The Nana Benz were famous businesswomen in Togo. Nana, a hypocoristic of na (or ena) to mean “mother” or “grandmother” in Mina, and “Benz” for the Mercedes Benz they liked to drive. Overtime, the word lost its original parental dimension and has been used as a form of respect and politeness to acknowledge the social position of the Nana Benz.

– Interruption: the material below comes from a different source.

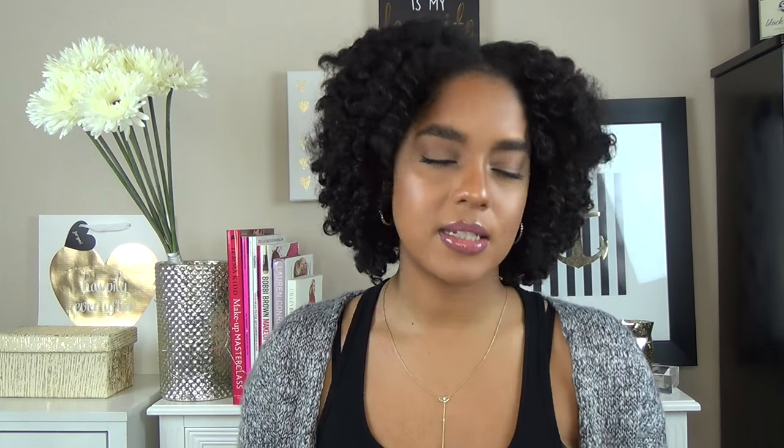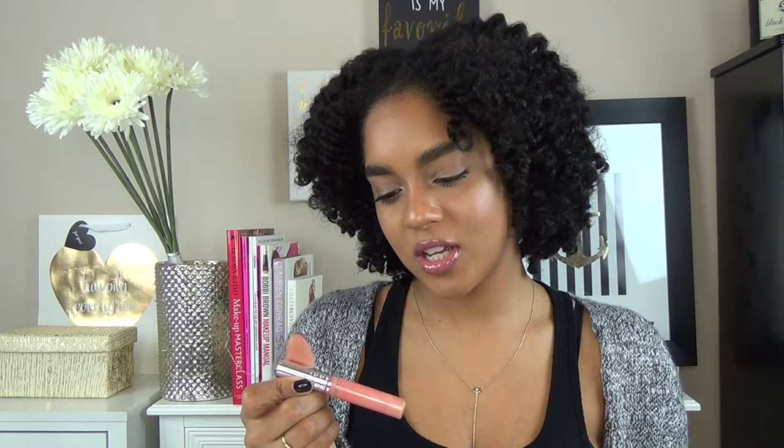I've also been obsessed with the Clinique long-lasting glosses for a long time. I have three that were my most-loved this past year: Guava Gold, Air Kiss — a pinky peachy iridescent color — and First Date, which is just a really pretty pink. I'm wearing First Date today with a Makeup Forever lip liner. I love layering these over a Revlon lip butter. They last long, don't wear off too fast, and give you a pretty glossy shine.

In the 1940s and 1950s, the first cloth retailers started importing textiles from Ghana and then proposed selling them to import/export firms in Togo when relations between Sylvanus Olympio and the Ghanaian president Kwame Nkrumah went sour over British Togoland and the Ewe issue. Those firms were the British GB Ollivant, United Africa Company (UAC), John Holt, the French SGGG (Société Generale of the Gulf of Guinea), CFAO (Compagnie Française de l’Afrique Occidentale), and SCOA (Société Commerciale de l’Ouest Africain).

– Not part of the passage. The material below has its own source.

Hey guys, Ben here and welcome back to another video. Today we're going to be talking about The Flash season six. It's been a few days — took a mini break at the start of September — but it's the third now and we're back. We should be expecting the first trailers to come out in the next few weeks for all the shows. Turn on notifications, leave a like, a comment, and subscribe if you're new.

The role of the Nana Benz in the 70s
In the 1970s, the Nana Benz rose in prominence to become a cornerstone of the Togolese economy. They were credited for positioning Lomé into a regional center of textile distribution as they dominated the trade in wax prints from Holland, Belgium, France, and England. It is estimated that between 1976 and 1984, at least 40% of the commercial business in Togo which was in the informal sector, was in the hands of the Nana Benz. In addition to establishing Vlisco as the top-selling textile brand in West Africa, the Nanas also carried the nation’s economic burden during a time marked by large budget deficits (from 13.4% of GDP in 1973 to 39.6% of GDP in 1979). In the early-90s, political instability, followed by economic sanctions, and a 50% devaluation of the CFA led to their loss of monopoly over the wax print market.⠀
Comi Toulabor, “Les Nana Benz de Lomé”, Afrique Contemporaine 2012/4(No 244), p.69-80
Marie Line J. Charles-Galley. “A Glimpse of African Identity Through the Lens of Togolese Literature.”